Organisé en deux parties, l’ouvrage traite la problématique tout d’abord dans une perspective macroéconomique, pour l’aborder ensuite du point de vue des relations qu’entretiennent les ménages et les firmes avec les institutions financières. Dans un chapitre préliminaire, les éditeurs de l’ouvrage s’interrogent sur la question de savoir comment la finance peut contribuer au processus de développement et à la réduction de la pauvreté. Après un bref aperçu de l’évolution des paradigmes qui ont marqué la littérature sur la croissance économique depuis ses origines, l’accent est mis sur les interactions entre la croissance et le développement de la finance.

Les six contributions de la première partie, qui traitent le sujet dans une perspective macroéconomique, commencent par observer que si le développement du secteur financier influence positivement l’épargne, son impact sur la croissance est soumis à certaines conditions, comme la régulation ou la supervision du système bancaire en vue de maintenir la stabilité macroéconomique. Les trois contributions suivantes étudient successivement les leçons du développement des marchés boursiers, les expériences récentes de la régulation financière dans les pays en développement et les leçons à tirer pour les pays en développement comme pour les pays développés, en matière de régulation bancaire, à la lumière des crises financières récentes. Elles attirent l’attention sur l’importance de la mise en place d’un système prudentiel crédible afin d’écarter les risques de crises brutales. Une dernière contribution qui vient clore cette première partie s’intéresse aux questions de mesures à adopter dans le cadre du marché (politiques monétaires et de change) ou hors marché (la réglementation prudentielle des intermédiaires financiers) pour le maintien d’un « marché ordonné » afin de maîtriser la volatilité des investissements de portefeuille.

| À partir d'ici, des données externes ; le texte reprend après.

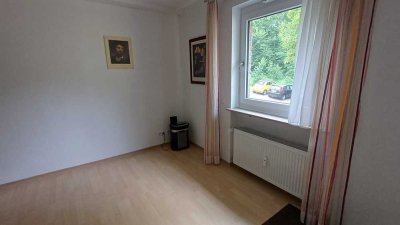 Kompakt wohnen in Koblenz: Saniertes Apartment mit einem Zimmer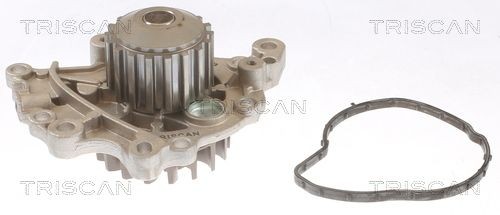 TRISCAN with water pump seal ring Water pumps 8600 10089 buy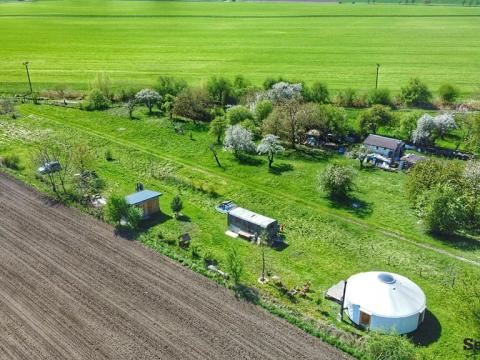 Prodej zahrady, Pardubice, Ostřešanská, 3174 m2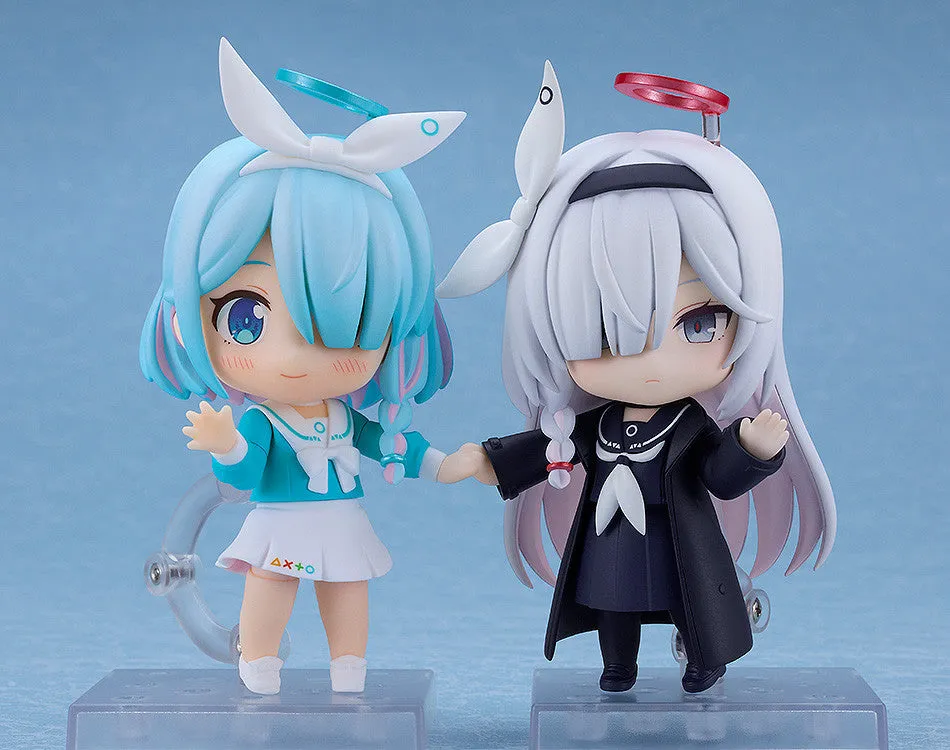 Blue Archive Nendoroid Plana - Image 7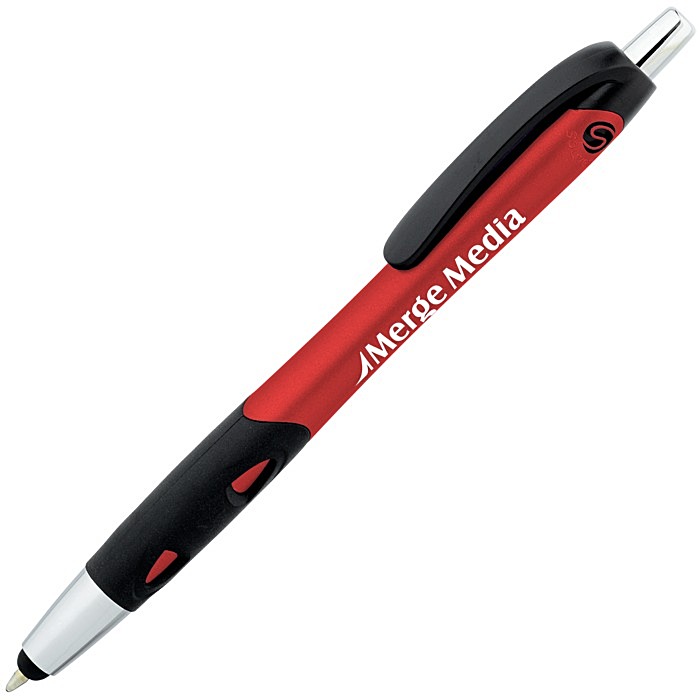 Custom Souvenir Sol Stylus Pen
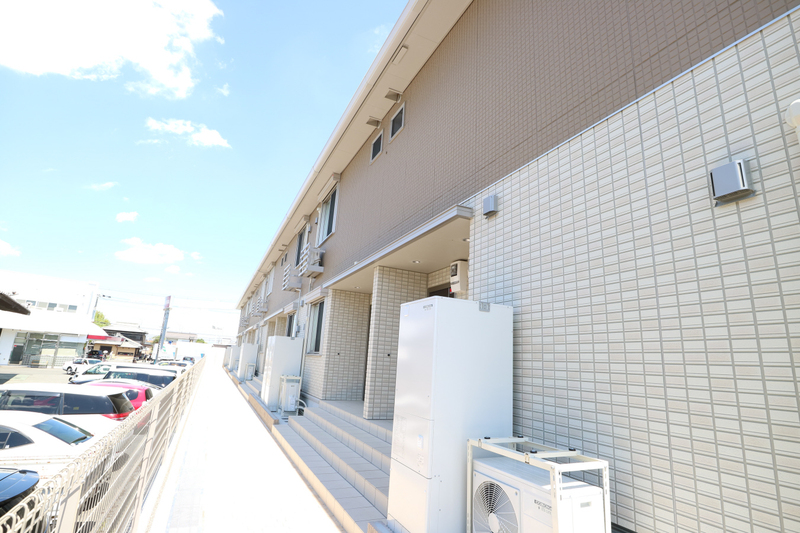 共用部 写真12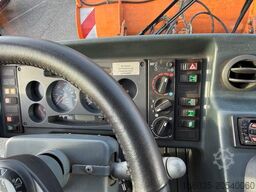 MULTICAR M30 Fumo Carrier Winterdienst/4x4/Klima/Standhzg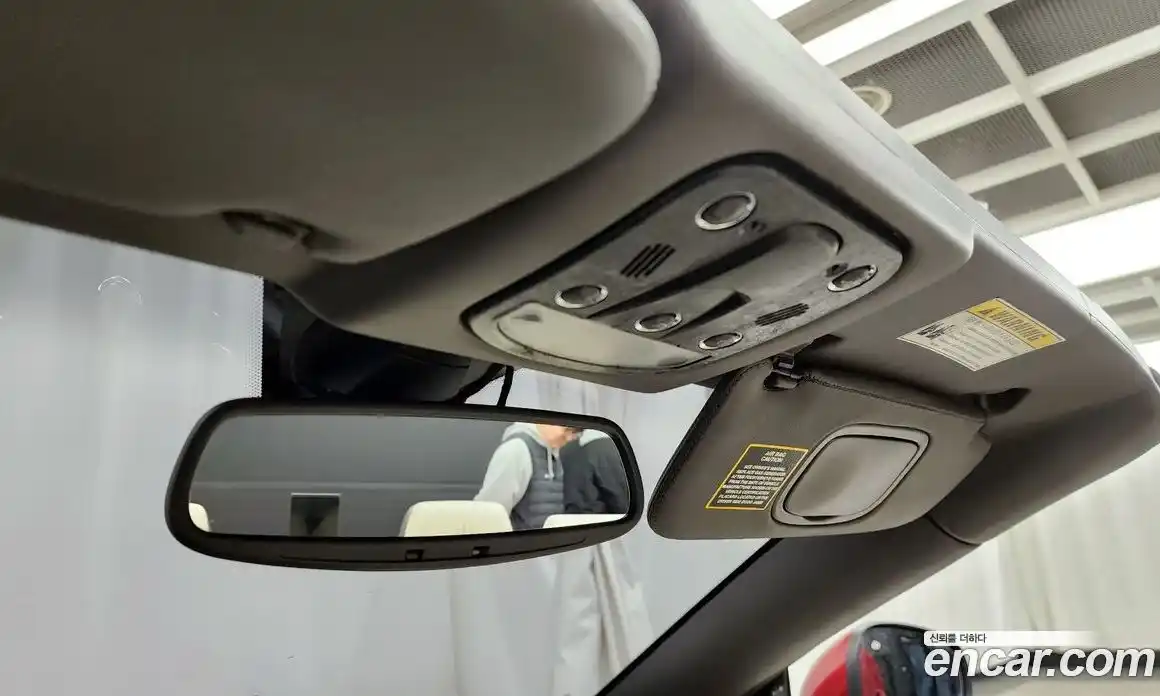 Maserati Gran Cabrio 2012 4.7 гидро в Москве № 803322, фото 17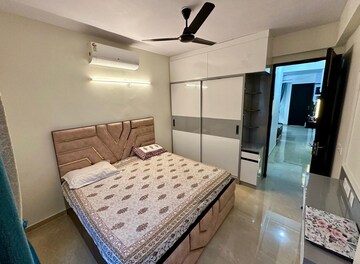 3 BHK Apartment For Rent in Signature Global SCO Sohna Sector 36 Gurgaon  7764633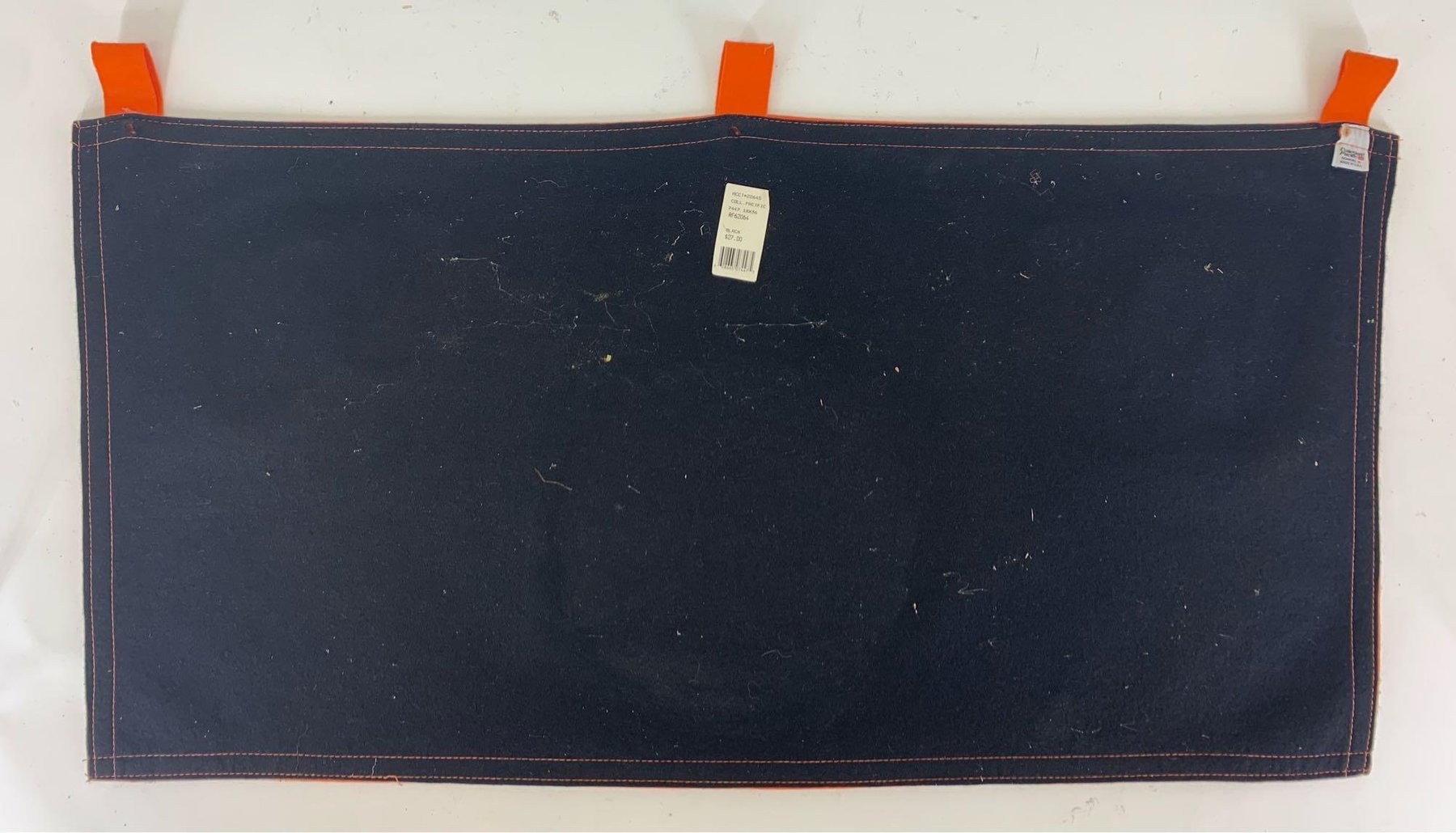 Image for Princeton University Felt Banner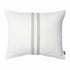 Silver Grey Simpatico Cushion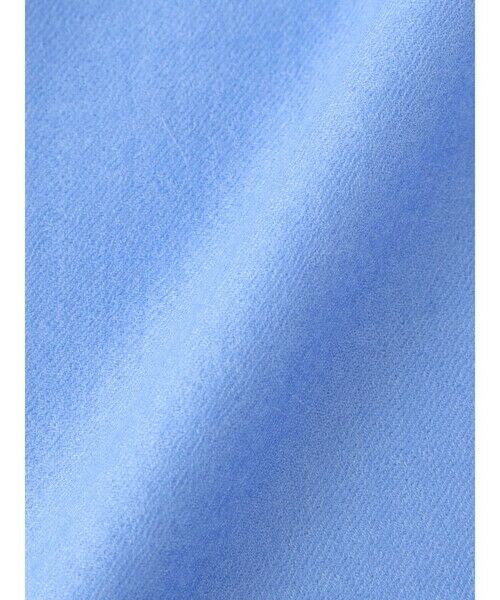 Aquascutum / アクアスキュータム マフラー・ショール・スヌード・ストール | カシミヤガーゼストール | 詳細1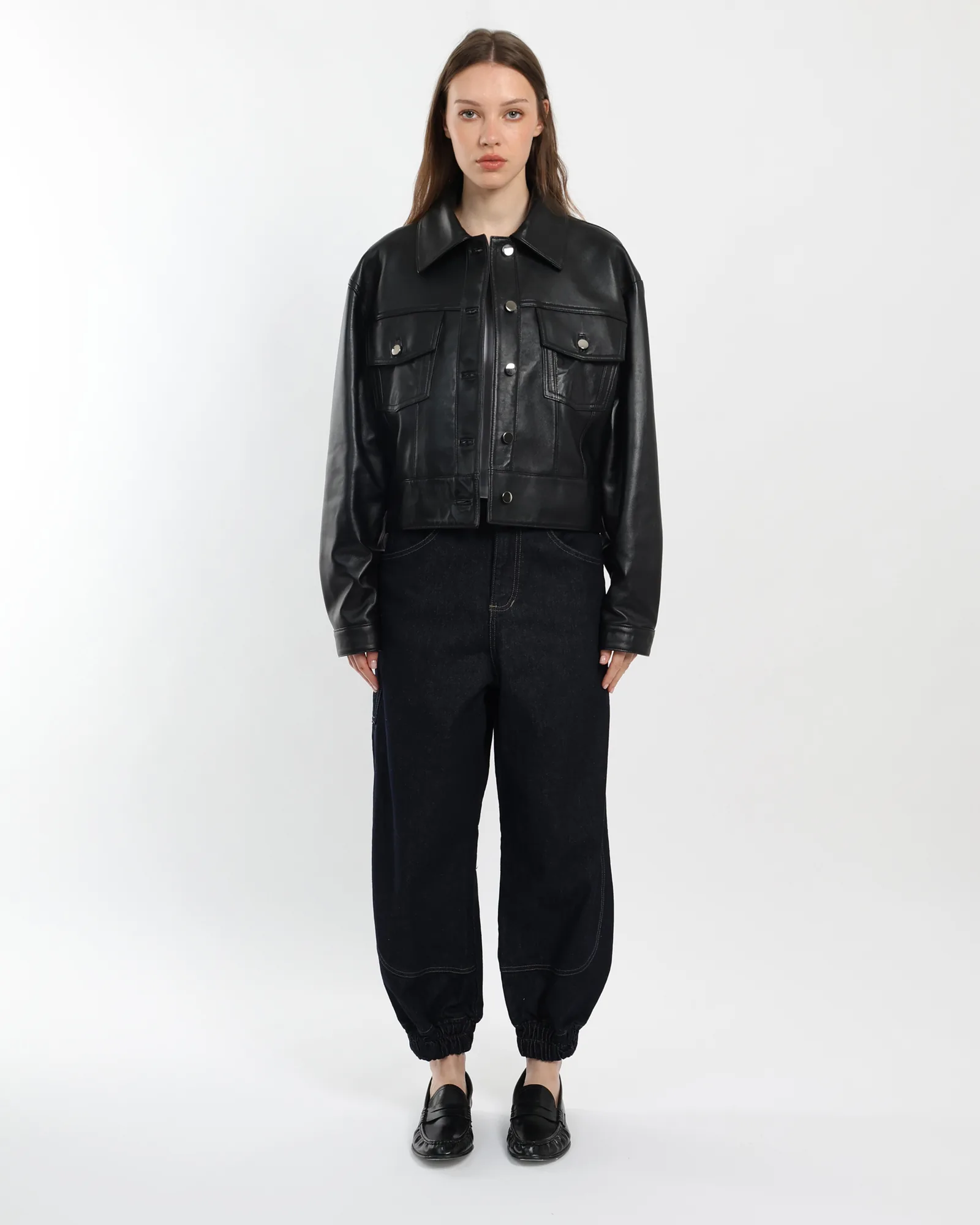 Campera Nilo 2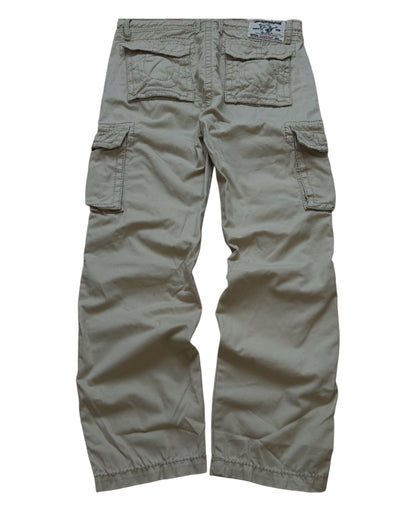 True Religion Cargo Pants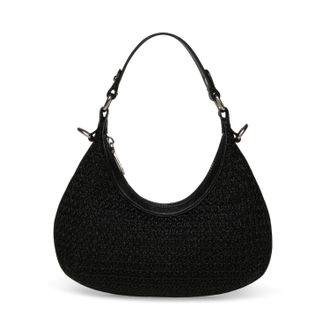 Steve Madden Bascend Bag BLACK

Les cinq contributions de la seconde partie regroupées sous le titre de « ménages, firmes et institutions financières » traitent des thèmes variés sous l’angle des différents acteurs. Les deux premières contributions traitent la finance et les moyens de subsistance des pauvres et s’interrogent sur la question de savoir s’il y aurait une finance pour les pauvres. Les études de cas de l’Inde, du Kenya ou du Bengladesh offrent des perspectives pour mieux comprendre le fonctionnement d’un secteur financier informel. L’importance de ce dernier est également soulignée dans les régions rurales. Enfin, les deux dernières contributions se penchent sur la situation financière des entreprises dans les pays en voie de développement. Pour les petites et moyennes entreprises, l’impact positif de la libéralisation ne va pas de soi et nécessite selon les auteurs des interventions publiques. L’étude de la structure financière des firmes dans les pvd insiste sur la diversité des résultats obtenus par les différents travaux de recherche.

Les contributions figurant dans cet ouvrage nous livrent non seulement des réflexions originales, mais aussi une synthèse de la littérature et des pistes de recherche stimulantes qui restent à explorer. Il s’agit d’un ouvrage qui s’adresse à un public avisé ; les étudiants avancés, les doctorants ainsi que les professionnels spécialistes de la question tireront profit de ce livre axé sur une problématique qui continuera sans doute à faire couler beaucoup d’encre.